Work starts by downloading these kinds of recordings, and picking them apart. Listening to them on repeat, until something of the fear or emotional charge dissipates. Zooming in on recordings, picking a sound or motif (you may have heard segments from a Maybelline commercial in a few of my tracks), and extrapolating these into motifs or tonal colors. Find the sounds which frighten you. Make them your own. Tell a different story. A better future.

 

What tools and effects did you use to create the granular, moody aesthetic?

I use a lot of tools in Ableton Live, like the Simpler instrument. I’m a big fan of granular synthesis – of zooming right into a larger sound, and looping or extrapolating a tiny segment of it into something unique, while having established a sense of ‘ownership’ with whatever the original source material might have once been.

I use low-pass filters on almost everything; saturation and compression to foreground sonic artifacts, and tones of side-chain compression to clear space. There’s a fair degree of material generated from user patches in the Native Instruments Reaktor library. I’m hopeless at programming synthesizer patches with any efficacy, but I love the idea of unearthing little sonic ‘stories’ from others which might have been forgotten, usurped, or made redundant over the years. I’m obsessed by the early 00s, when ‘open source’ sound design felt so exciting, before ‘DJ-optimized’ sample tools and packs became ubiquitous. I’m smitten by the gigabytes of ‘forgotten’ patches made by the user community at NI, so I love playing with these to this day. It’s another portal into a past I’m slowly making sense of.

Can you give specific examples of the REAKTOR libraries you used?

Synth-in-case for deadly modular experimentation; Metaphysical Function, which is drone central; and Prism.

Are there specific plug-ins, or VSTs you always go back to?

Native Instruments Reaktor, PSP Vintage Warmer for compression, PSP Xenon for limiting.
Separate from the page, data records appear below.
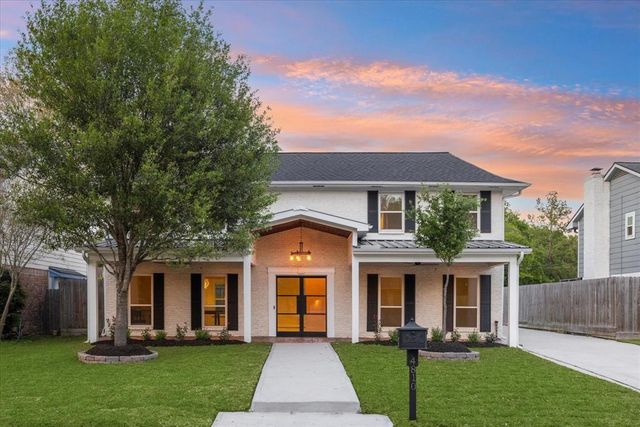 $615,000 | 4810 Bayou Vista Drive | Candlelight Oaks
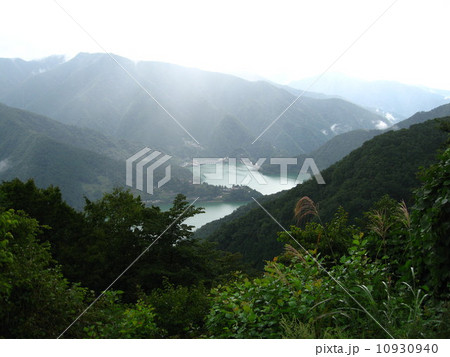 奥多摩湖 10930940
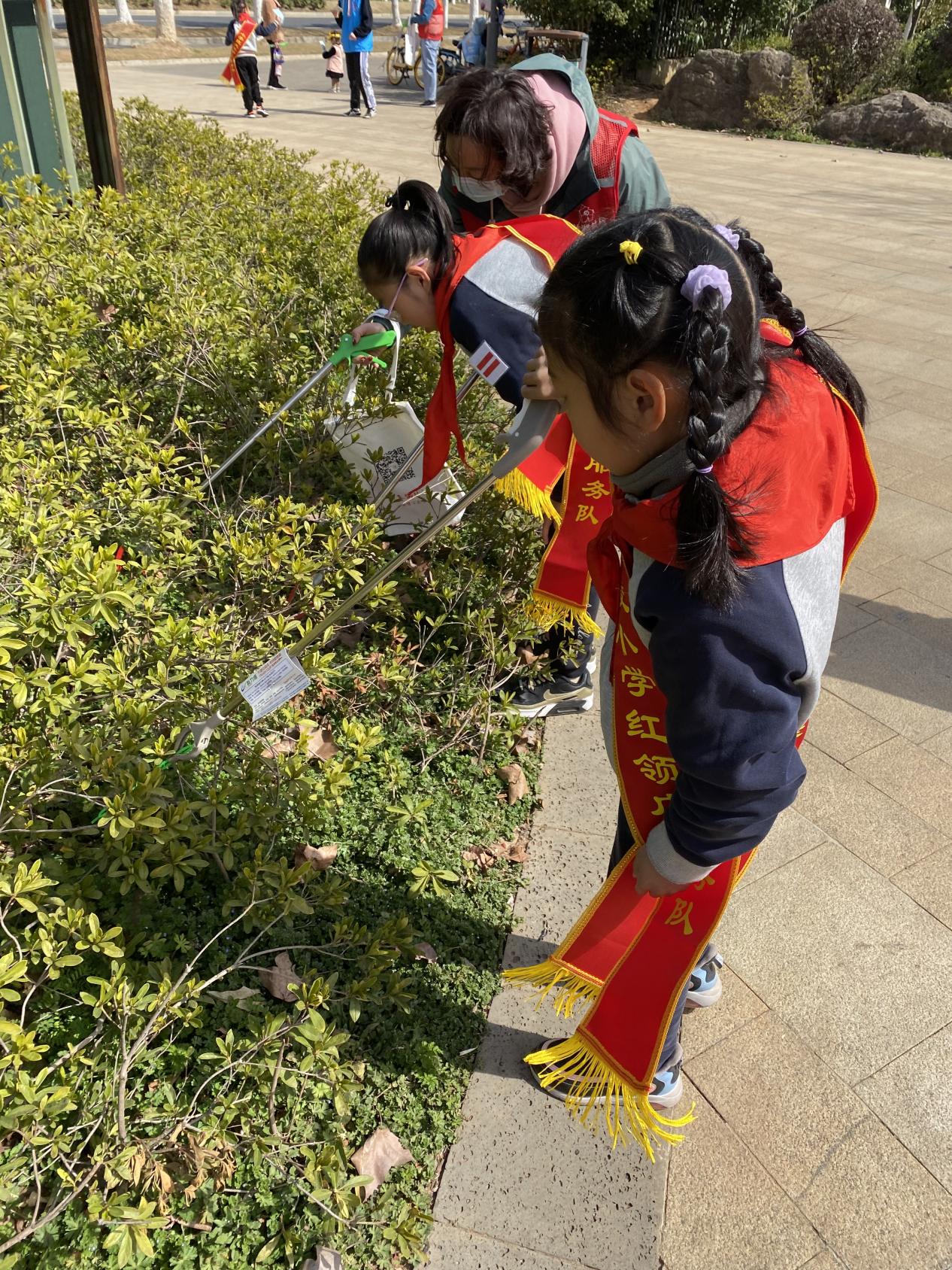 【博学广志】学习雷锋好榜样，携手共护景观河——记林卫云名师工作室与社区联动活动(1)_html_m1295c745.jpg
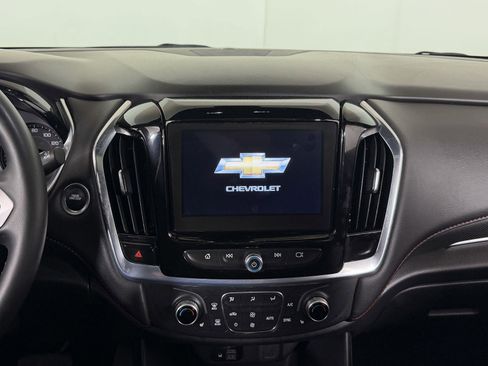 Used 2023 Chevrolet Traverse RS AWD/4WD image 13
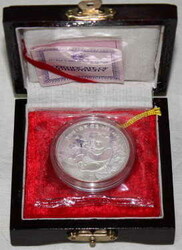 CHINA: 1991, 10 Yuan Panda mit Bambuszweig sitzend, 1 Oz Silber im ...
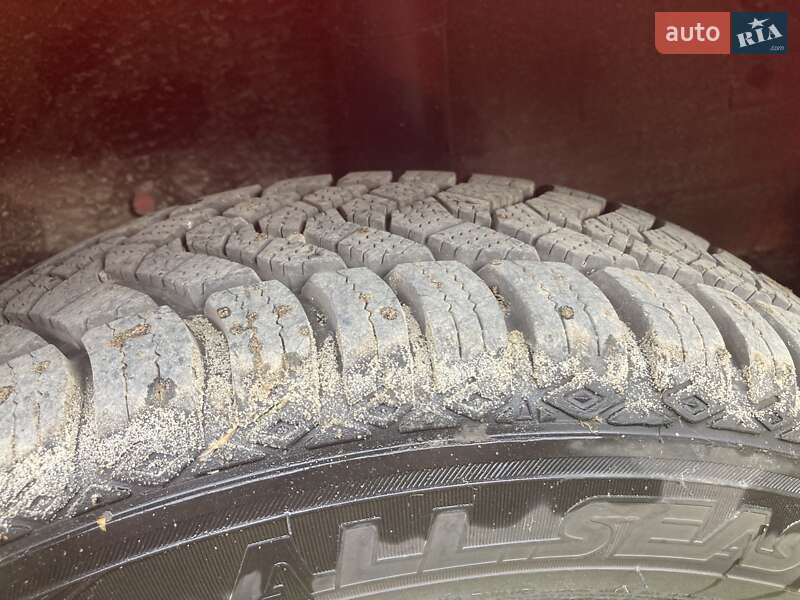 Хэтчбек Volkswagen Up 2013 в Львове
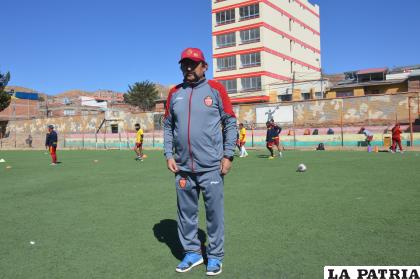 Sergio Apaza confía plenamente en el equipo que ahora le toca dirigir 
/LA PATRIA
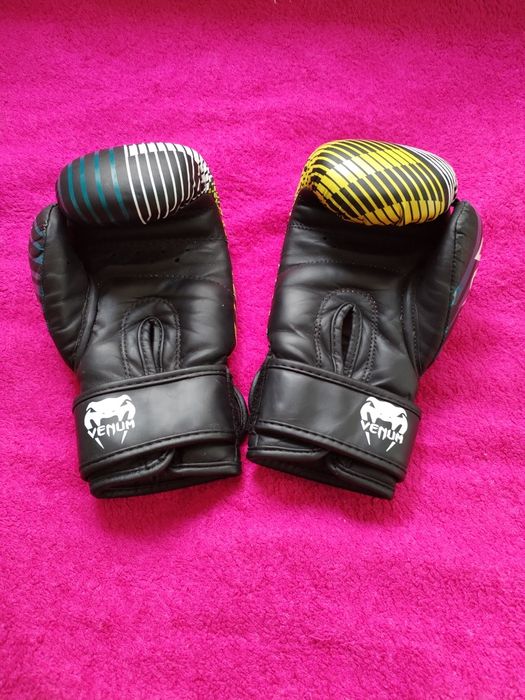 Перчатки боксёрские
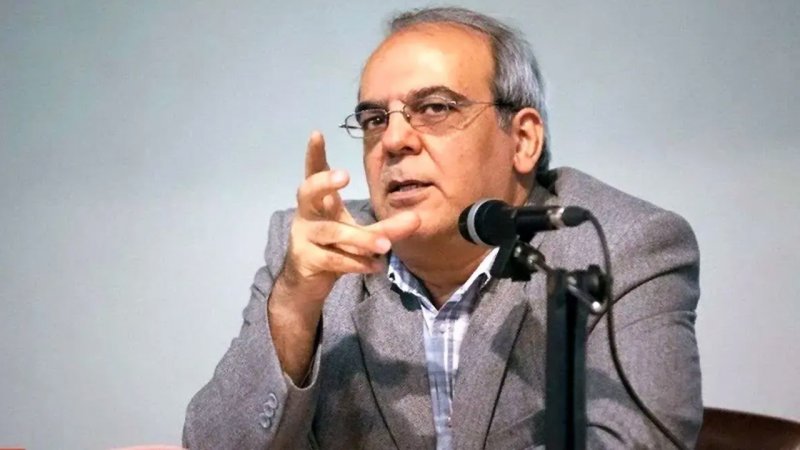 خطاب تند عباس عبدی به پزشکیان در مورد قیمت بنزین: خود دانید و مملکت تون!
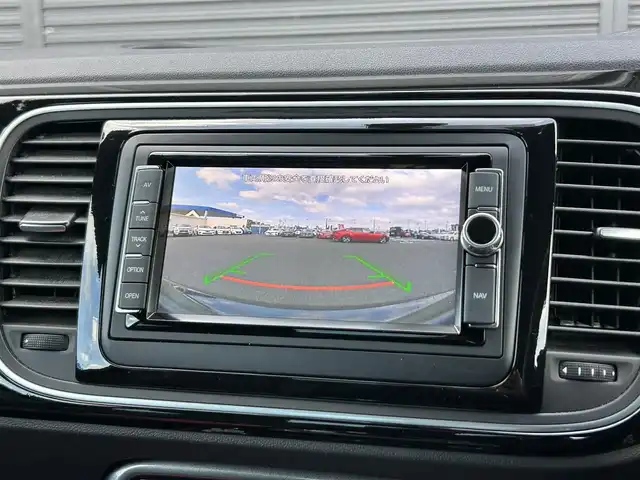 フォルクスワーゲン ザ・ビートル デザイン 茨城県 2018(平30)年 4.6万km ディープブラックパールエフェクト 後期型 /純正ナビ /TV /BT/DVD/CD/USB /Bカメラ /スマートエントリードライブ /ブラインドスポットモニター /トランクスポイラー /クルーズコントロール /パドルシフト /純正17インチアルミホイール /HIDヘッドライト /オートライト /禁煙車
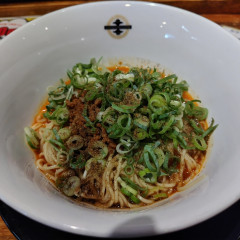 らぁ麺しろがね スイス村店の画像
The rest I’ve either never been able to afford, or have lost, or don’t have a machine fast enough to run. It’s remarkable how much compatibility and cross-grade options have informed my choices. My computer is inevitably five or six years behind the latest model, and this often creates some welcome challenges.

If the process isn’t simple, I’ll happily let go of these tools. Some of my favorite VSTs are old 32-bit plugins which I purchased for $20 or less.

How do you process vocals / samples?

Similarly to any other instrument. Generally overcompressed, low-pass filtered, broken, or poorly warped. I use Antares Auto-Tune from time to time. The ‘formant’ filter is quite lovely. Any tool which generates artifacts or anomalies is an added bonus for me.

 

How do you approach the balance between hardware and software when it comes to production?

Most of my hardware is now in bubble-wrap or was given away due to moving house. I’m terrible at selling things I love. I prefer to offload them to loving homes, in general.

I tend to feel that if ‘everyone’ is grabbing a certain piece of hardware, I should probably avoid it. The big surprise to me in the past few years has been the Roland TR-8, to be honest. Ugly as hell, but gorgeously user-friendly and programmable. I use it constantly in live Deepchild sets. If I become overly attached to something, I do feel it’s important to give it away, however, or there’s a real chance that its spirit will become a poltergeist, undead and calcified in sentimentality. And sentimentality feels deeply problematic to me.

 

What did you learn from making music this way?

Instruments, tools, and collateral are inherently ‘classist’ in a sense. Whilst it’s great to own a TR-808, if this is the only tool you use, you’ll probably end up sounding similar to so many others in your class. I believe the future that these tools were once indicative of was so much more exciting though. There’s safety in the known, but the future I come from was once such a beautifully unknown place. I’d love to end up there.